Praga tem, naturalmente, os pontos turísticos que acabam sendo necessariamente visitados. Contudo, o grande barato da cidade é andar pelas ruas, meio sem rumo, se perdendo, de preferência nas ruas menos movimentadas, longe do fluxo turístico. Cada esquina revela um prédio ou uma casa diferente, um teatro, uma praça, um jardim. O cuidado com que a cidade é mantida, o estado de conservação dos prédios, a beleza dos inúmeros jardins da cidade, a paz do rio que corta a cidade, a chance de parar num banquinho da praça e ficar esperando a banda passar, tudo isso é garantia de prazeres e curtições não descritos nos guias de viagem.

Naturalmente, toda essa beleza tem um preço. Praga é hoje uma das cidades mais turísticas do mundo. No início, cheguei a compará-la com cidades altamente exploradas pelo turismo como Paris, Roma, ou até mesmo Londres. Depois, percebi que há uma diferença fundamental. Enquanto essas cidades possuem vida própria, independente dos turistas, Praga, por ser muito menor, dá a impressão de que está existindo apenas em função do turismo. Embora a infra-estrutura turística seja invejável, o fluxo de turistas chega a ser irritante em alguns momentos. Ao contrário de Paris, Roma ou Londres, em Praga os concertos e shows não foram feitos para a população local, mas para as hordas de turistas que a invadem. A chance de encontrar um morador de Praga em um desses eventos é próxima de zero.

Nas ruas, o comércio é quase todo de lojinhas de souvenirs, espalhadas uma ao lado da outra, vendendo bonecas, marionetes, canecas de chopp, cristais checos, tudo a preços exorbitantes. No centro principal da cidade, todos os lugares são muito barulhentos, difícil andar nas ruas estreitas repletas de turistas se esbarrando. Nas mesmas ruas, para vender os ingressos dos concertos, dezenas de palhaços vestidos de Mozart esforçam-se para desovar os seus estoques e posam para fotografias ao lado dos deslumbrados japoneses. A maior parte dos turistas viaja em grupos enormes, sempre seguindo sofregamente algum guia que balançava intrepidamente a sua sombrinha amarela ou vermelha. Os restaurantes e bares, sempre caríssimos, exploravam o fato de que ali era o lugar onde Mozart encontrava inspiração ou onde Kafka começou a escrever “O Processo” ou o local que Kundera descreveu em “A Insustentável Leveza do Ser”. Não surpreende que a qualidade da comida, nesses lugares, sempre deixasse a desejar.

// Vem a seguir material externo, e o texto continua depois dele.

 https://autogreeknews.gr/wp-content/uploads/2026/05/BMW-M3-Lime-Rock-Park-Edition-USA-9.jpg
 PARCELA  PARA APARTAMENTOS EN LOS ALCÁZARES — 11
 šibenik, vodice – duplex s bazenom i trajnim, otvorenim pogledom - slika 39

O que mais me chamou a atenção foi a quantidade de turistas brasileiros, o que eu não vinha encontrando em alguns dos lugares recentes que andei visitando. Isso confirmou minha impressão de que os brasileiros, de maneira geral, não se dispõem a desbravar lugares novos, ainda pouco explorados pelo turismo. Em geral, visitam os lugares quando eles já são descobertos pelas massas. Há cerca de cinco anos atrás, eu podia contar nos dedos os meus conhecidos que já haviam visitado Praga. Praga é agora a cidade da moda e já faz parte dos planos da maior parte dos brasileiros que visitam a Europa.

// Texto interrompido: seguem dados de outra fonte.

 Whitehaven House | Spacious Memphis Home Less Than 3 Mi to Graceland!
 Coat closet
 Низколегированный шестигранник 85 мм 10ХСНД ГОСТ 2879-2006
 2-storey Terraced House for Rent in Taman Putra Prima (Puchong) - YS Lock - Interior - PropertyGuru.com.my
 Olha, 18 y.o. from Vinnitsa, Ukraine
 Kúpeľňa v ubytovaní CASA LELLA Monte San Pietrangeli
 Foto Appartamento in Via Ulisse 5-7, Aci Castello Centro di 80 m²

Nada disso, porém, tira a beleza da cidade. Sempre há um jeito de fugir do circuitão turístico. Há sempre a chance de se perder em ruelas que revelam belezas tão admiráveis como as dos principais pontos turísticos. Há sempre a chance que tive de ficar num hotel fora do centrão e usar o eficiente sistema integrado de transportes públicos da cidade (metrô, ônibus e bondes elétricos), esse sim, destinado à população local e uma divertida aventura quando não se domina a língua tcheca. E dá ainda para passear pela Petrin Hill, um lugar presente na obra de Kundera, que reservei para uma deliciosa e saudosista releitura de “A Insustentável Leveza do Ser”, especialmente comprado para a ocasião. Petrin Hill é um charmoso monte perto da cidade que oferece a chance de admirar de cima e de longe a beleza de Praga, em especial os fantásticos telhados vermelhos que são uma espécie de marca registrada da cidade.

Finalmente, ao sair de Praga, se você tiver sorte, ainda pode ter o privilégio que tive de tomar um vôo que me exigia estar no aeroporto às 6 da manhã. Isso vai te dar a chance de passear de táxi no centro da cidade vazia e te encorajar a pedir ao motorista para ir devagarzinho, a fim de que você possa curtir e ver com calma o que a multidão de turistas te impediu nos dias anteriores.